Exhumer le spectre de la new wave avec des morceaux naïfs mais à l’attractivité immédiate : tel est le défi, de taille, que se sont lancés les Teenagers. Mais il y a des moments comme ça où on a du mal à y croire. Sur la foi de deux singles sortis l’an dernier, “Homecoming” et “Starlett Johansson”, les Teenagers, sorte de dandys cools, ont déchaîné les espoirs les plus fous, s’attribuant le statut du « groupe frenchy cool en devenir ». Mais tient-on là un réel dandysme à la Jarvis Cocker de Pulp, efficacité musicale à l’appui, ou une posture façonnée sur l’autel du mercantilisme ?

Revenons au début. Originaires des Hauts-de-Seine, les Teenagers sont Michael Szpiner, Dorian Dumont et Quentin Delafon… et viennent d’Internet. Dans la nuit de Noël 2005, le trio a, sans réfléchir, livré une chanson à la communauté MySpace. De sites en blogs ou forums, leur renommée est allée crescendo. Jusqu’à ce premier opus, Reality Check.

Une base electro-rock à guitares, un refrain choral formaté, du chanté-parlé non-stop, des synthés kitschs à mort, et des thèmes cochons-branchouilles – se taper une Américaine, épouser Scarlett Johansson, faire la bringue, se faire larguer, le spring break – tel est le fond de commerce des Teenagers. Extraits : « I fucked her, and it was wild. She’s such a slut » ou « I fucked my american cunt ». Partout, des voix s’élèvent pour asséner : « les Teenagers c’est Bret Easton Ellis , Les Lois de l’Attraction ». Pour les sujets c’est possible, mais pour leur exploitation, cela tient plus de Porky’s ou de American Pie. Et tout est en anglais, bien sûr car, comme expliqué par les principaux protagonistes dans les Inrocks, « Fuck », ça sonne mieux que « baise ». Forcément…

Le doute nous envahit aussi tant le buzz qui précédait le groupe était stupéfiant, un cas d’école. Tout est réglé comme une belle horlogerie, taillé pour le commerce, une machine de guerre, du tout cuit pour les magazines dans le vent : des Frenchies Love Love qui cartonnent à l’étranger, une mayonnaise montée à la MySpace, une identité indie sous l’aile d’un label d’outre-Manche (Merok pour XL Recordings) et des morceaux à la longueur formatée. Ils chantent en anglais, vivent en Angleterre, accumulent les fans à l’étranger et tournent aux Etats-Unis…

« Ca s’appelle Phoenix et ça existe non ? ». Ben non, Phoenix a quelque chose derrière, une conscience musicale sur laquelle les Teenagers se sont assis. Car c’est bien là que le bât blesse. Leur electro pop est prétentieuse, lassante et hormis deux ou trois titres, ne va pas chercher bien loin.

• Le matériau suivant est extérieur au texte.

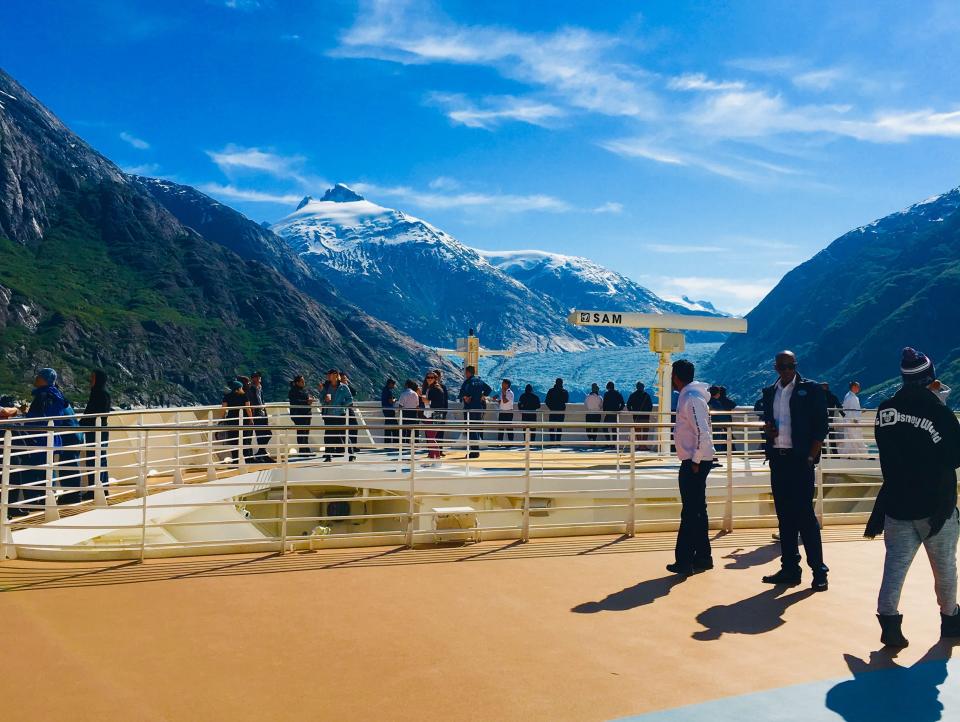 a view of mountains and water off the front of a ship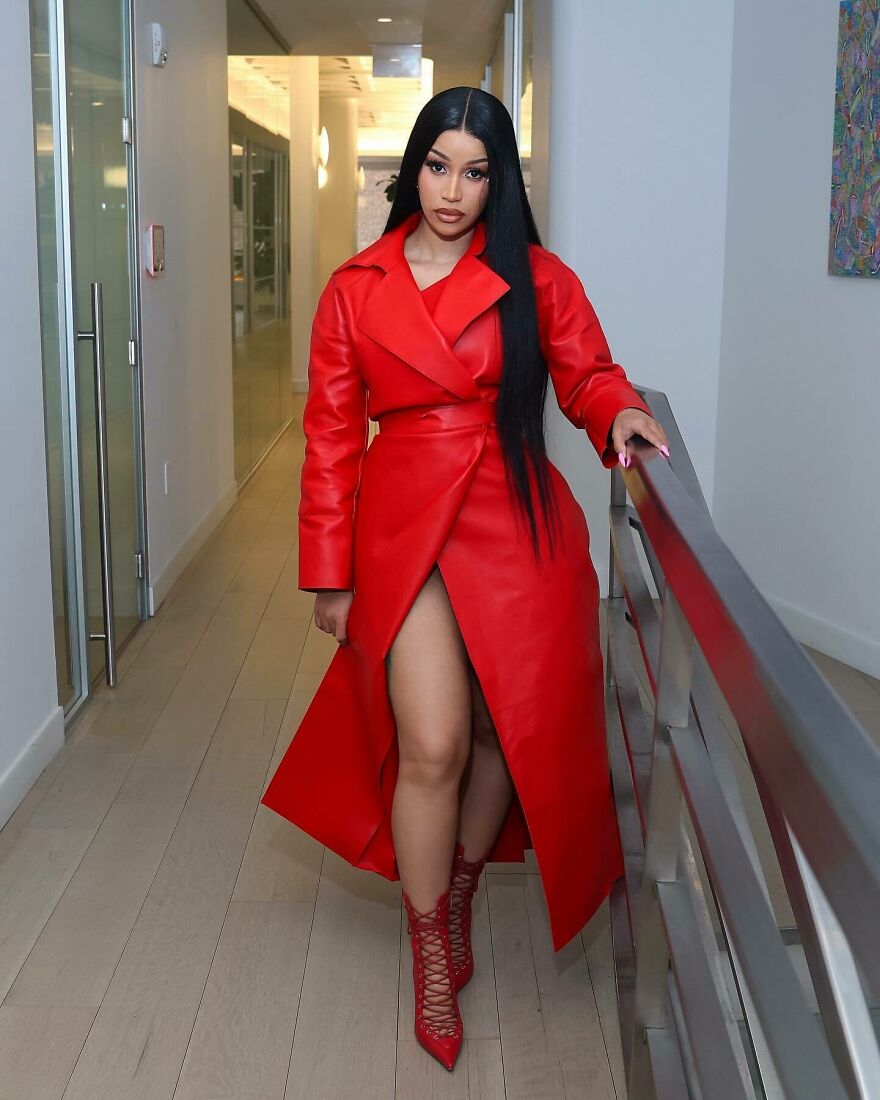 Cardi B in bold red coat and heels posing indoors, illustrating unexpected stars on members-only fan pages.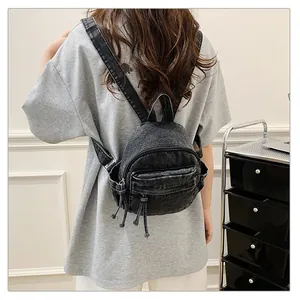 Back view of a casual black denim mini backpack worn by a female model in grey t-shirt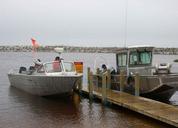 Employees working with ribal partners secure boats and check nets.jpg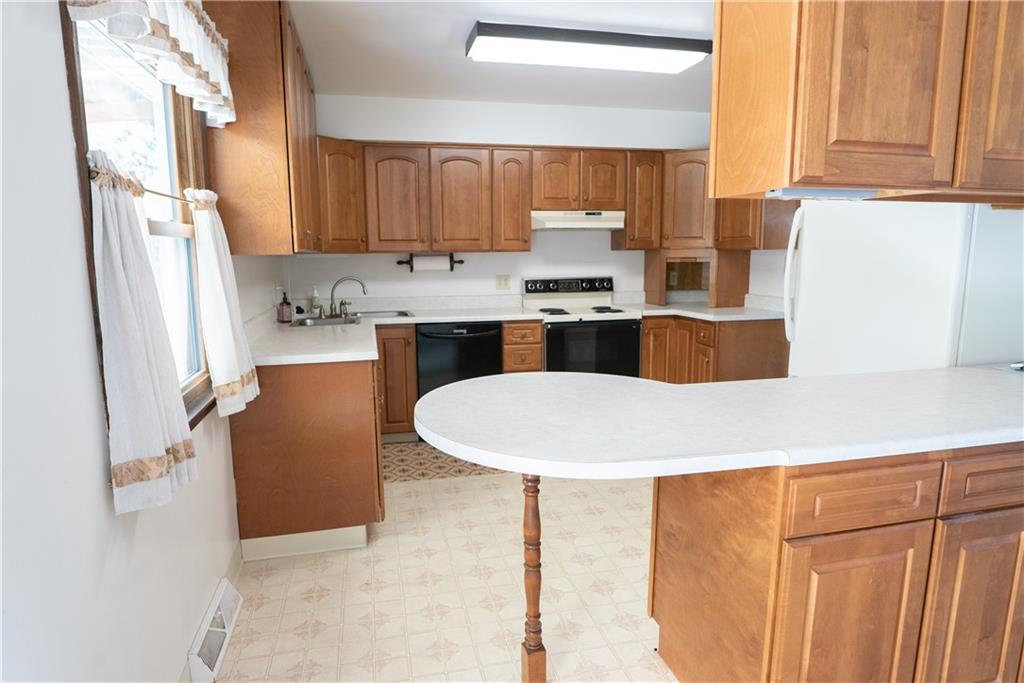 3565 Tuscarawas Road Beaver, PA 15009 - Photo 6 of 37 a kitchen with stainless steel appliances granite countertop a sink stove and refrigerator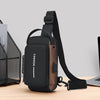 A black men's Oxford sling chest bag with a brown strap and a phone pocket resting on a wooden surface.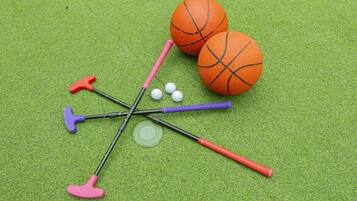 Une surface verte avec un ballon de basket, trois clubs de golf et trois balles de golf.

On apprécie “Homecoming”, lecture hédoniste d’une génération insouciante, “Starlett Johansson”, un témoignage des désirs adolescents ou “Fuck Nicole”, son refrain plus licencieux et rageur.

Pour le reste, les Teenagers évoquent ici et là la fraîcheur d’une jeunesse sans complexe avec des sujets simples, des phrases simples… et surtout des mélodies sans génie. Au détour des compos, la platitude et la monotonie sont omniprésentes. On comprend tout à fait lorsqu’ils expliquent mettre à peine quelques heures pour composer un morceau. Ils devraient peut-être s’y atteler quelques heures de plus.

Le verdict est sans appel. Reality Check, dont on connaissait déjà les bonnes bribes, est insipide. D’autres efforts seront indispensables aux Teenagers pour finir comme New Order et non comme Modern Talking. Et de notre côté pour nous laisser emporter par cette nouvelle nouvelle vague.